Waktu itu, masing-masing dari kami sudah memiliki telepon genggam. Maklum saja, usia kami saat itu sedang transisi dimana gawai mulai berkembang. Akbar yang sudah punya barang elektronik itu kemudian tidak mau kalah gaul dengan yang lain, yaitu meminta nomor wanita. Dalam kurun waktu yang kurang dari satu bulan, dia berkata sudah pacaran dengan wanita itu.

Lalu dia mengajak, “Jef, temanin gua ketemuan sama Dian (namanya aku lupa) yuk.” Tanpa basa-basi aku bersedia. Mau meledeknya tapi malas rasanya karena waktu itu dia seperti malu-malu. Karena wajahnya serius, aku ladeni dengan serius pula. Menjelang hari H, aku memastikan padanya kelanjutan pertemuan itu. Akbar menjawab dengan santai, “Ga usah. Gua sudah putus.”

Kalau dibayangkan lagi, aku mau tertawa rasanya. Tertawa keras di depan Akbar sambil meledeknya. Meledek bahwa dia sangat pecundang. Walaupun aku tahu nantinya pasti aku akan dibalas juga dengan bahan ledekan yang dia simpan juga.
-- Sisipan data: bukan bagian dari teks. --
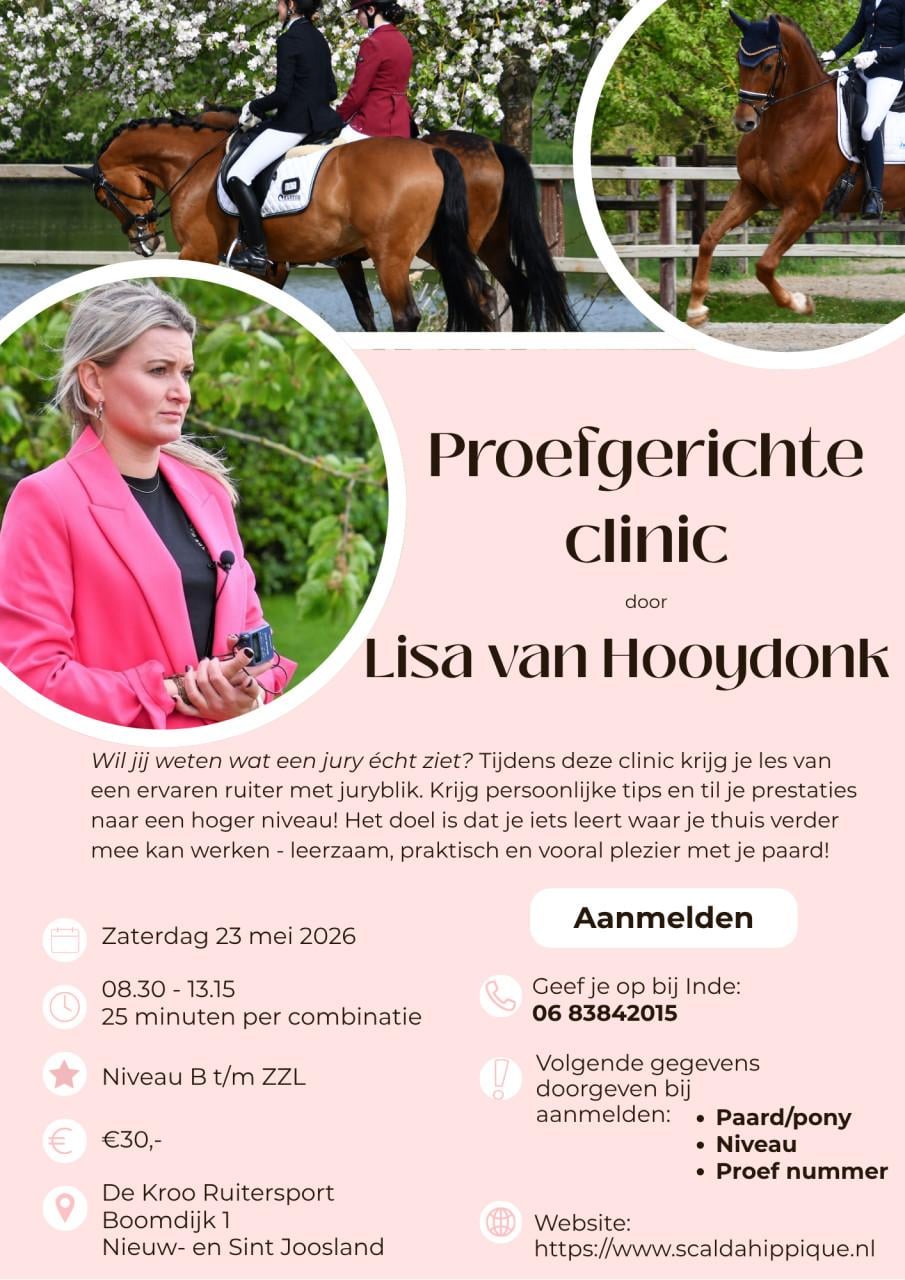 Kom ook naar dit leuke paarden evenement "Scalda Hippique"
Beda dulu beda sekarang. Kini, jangan ditanya lagi kejantanan Akbar. Sudah berapa wanita yang sudah jadi korbannya. Minimal sekecup dua kecup dapat dari orang yang pernah didekati. Bahkan di tempat kami tertawa bersama itu dia mengajak ke tempat pijit. Dia punya rekomendasi lokasi yang menawarkan wanita erotis serta pelayanan memuaskan dan tentunya dengan harga terjangkau.

Di pertemuan itu, lalu melenceng ke tempat begituan. Gara-gara pijit, hasrat para lelaki membuncah. Darah mereka memanas hingga ubun-ubun. Pega yang tidak sabar meminta Tio mencari wanita yang bisa dilobi. Akbar juga tak mau ketinggalan mencari lokasi. Sedangkan aku diam saja menunggu hasil.


Acara melepas lajang Akbar Robbi pun batal. Tidak ada wanita yang merespon. Tempat untuk pijit yang Akbar tahu juga sudah tidak ada karena digusur pemerintah. Akhirnya kami mencari topik lain. Kami tetap tertawa bahagia.

Di hari yang bersejarah untuk Akbar, lagi-lagi dia menunjukkan kepecundangannya. Meski sudah berlatih ijab kabul, Akbar masih lupa bagaimana melafalkannya dengan baik dan benar. Dua kali dia gagal. Di kesempatan yang terakhir, dituliskan kata-kata agar bisa terucap sempurna. Akhir cerita, upacara itu berakhir dengan bahagia.

Mungkin peristiwa lupa itu akan kembali dikenang suatu saat. Akan tetap kuingat untuk mempersiapkan amunisi meledek Akbar ketika bertemu lagi membicarakan pernikahan nanti. Selamat menempuh hidup baru Akbar Robbi dan pasangan. Sempatkan pula jika aku menikah nanti.